There are many organizations that are moving data from legacy on-premise systems to the cloud today, and as a consequence, there are many vendors and tools that tout their ability to handle data migrations. However, if the files that you are migrating are predominantly media files such as video clips, sequences and projects, it’s worth considering a few important factors – format, metadata, and interoperability.
Almost every media organization has legacy media files in a range of different formats. Whether these assets are all digitized, or whether some will be digitized as part of the migration, dealing with the various media formats, wrappers, and file types should be part of your migration strategy.
Since all the files need to be accessed during the migration, transcoding and/or rewrapping them only adds a small amount of overhead to the process. If you are looking to standardize on a common archive format, add mezzanine formats, or incorporate a proxy workflow for your archived assets, this could be a perfect opportunity to implement those changes.
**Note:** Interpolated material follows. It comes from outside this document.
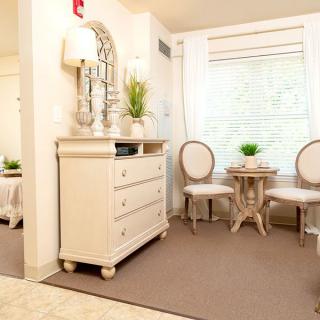 A cozy and elegantly decorated living space with light-colored furniture and greenery accents.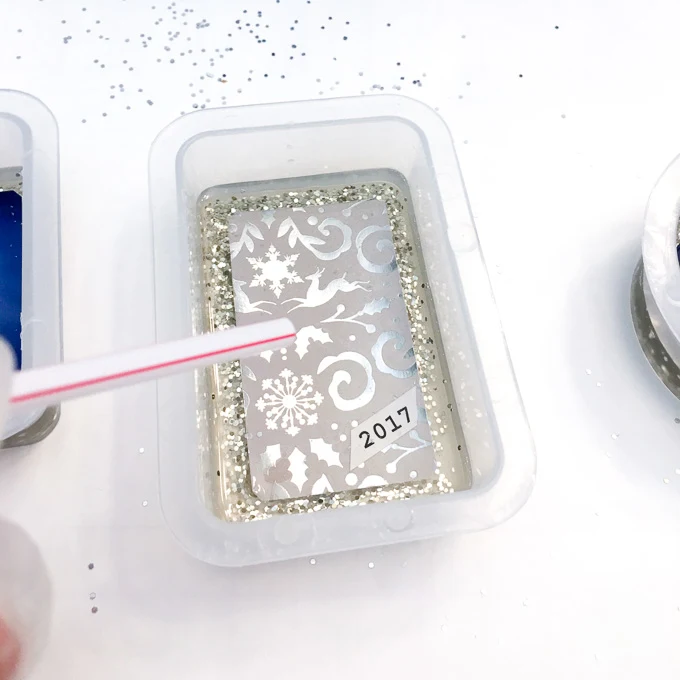 Using a straw to blow off any bubbles in the resin.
While standardizing your media format and adding instances in other formats can make it easier for different systems to use your files, it won’t help users and applications find the right content. Particularly with legacy media files, lack of descriptive metadata can make it difficult or impossible to discover assets.
Incorporating artificial intelligence and machine learning services into the migration process can quickly and effectively add this metadata in a way that would have previously required manual logging by a team of subject matter experts – a luxury that few organizations could afford.
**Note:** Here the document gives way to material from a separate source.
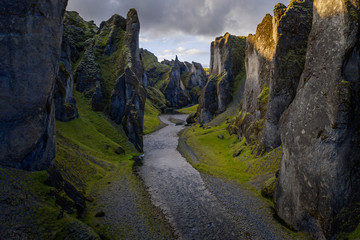 The most picturesque canyon Fjadrargljufur and the shallow creek, which flows along the bottom of the canyon. Fantastic country Iceland. September 2019. aerial drone shot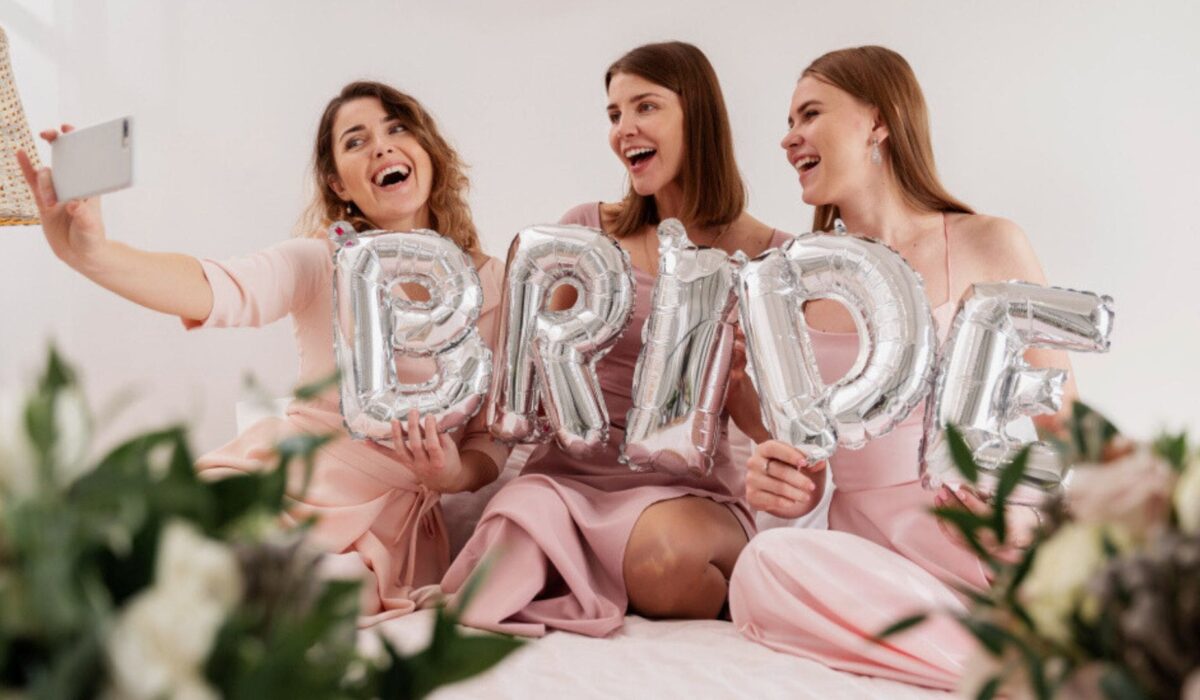 Trzy roześmiane kobiety w różowych sukienkach robią selfie, trzymając srebrne balony foliowe tworzące napis "BRIDE". W tle widoczne białe kwiaty i zielone liście jako dekoracja.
Regardless of whether you choose to leverage enrichment services or not, any existing or new metadata should be retained and stored in a non-proprietary way that makes it accessible to any other systems that may need to work with your assets today in the future. If your choice of migration provider comes at the expense of closed systems and adding workflow complexity, it may be time to reconsider your decision.
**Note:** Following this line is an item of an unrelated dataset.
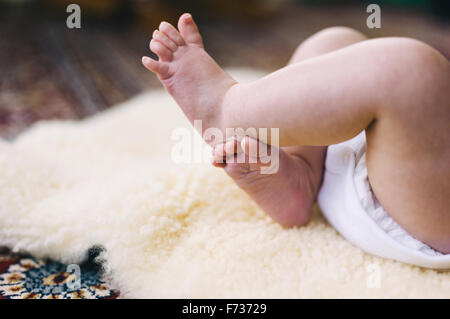 Ein Baby liegend auf einem Schaffell-Teppich, ihre Beine zu treten. Stockfoto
Column: Metadata independence – How is metadata attached to your media, and how strong is this connection?
For many organizations, cloud storage is supplementary to their existing on-premise storage. Whether you are planning to continue using on-premise storage in the long term with cloud storage holding secondary copies of your assets for business continuity, or you are opting for a more gradual transition from on-premise to cloud storage, it is critical to have a content storage system that can manage the asset copies across a hybrid storage environment and provide a single namespace for the users and applications that need to access the assets.
Even if you are planning to completely replace your on-premise storage, using a system with hybrid support will ensure that your systems have uninterrupted access to assets during the migration process and help to optimize the physical resources needed to read from the legacy storage.
Alongside the media-specific concerns related to these projects, there are some more generic concerns that broadly applicable to any type of migration. Probably the most important of these is how to best control and monitor the costs of both the migration and the long-term storage itself. Migration vendors that are storage-agnostic can provide you with an unbiased opinion regarding the advantages of different lifecycle policies and storage tiering solutions.
For all of these reasons, it’s important to choose a vendor with deep experience in managing the movement and migration of content. Whether you are making a bulk move to the cloud, taking a more gradual approach, or adopting a hybrid storage ecosystem, your migration partner can help you navigate complex decisions so that your end state is one that meets all your current needs and gives you the flexibility to adapt in the future as your needs change.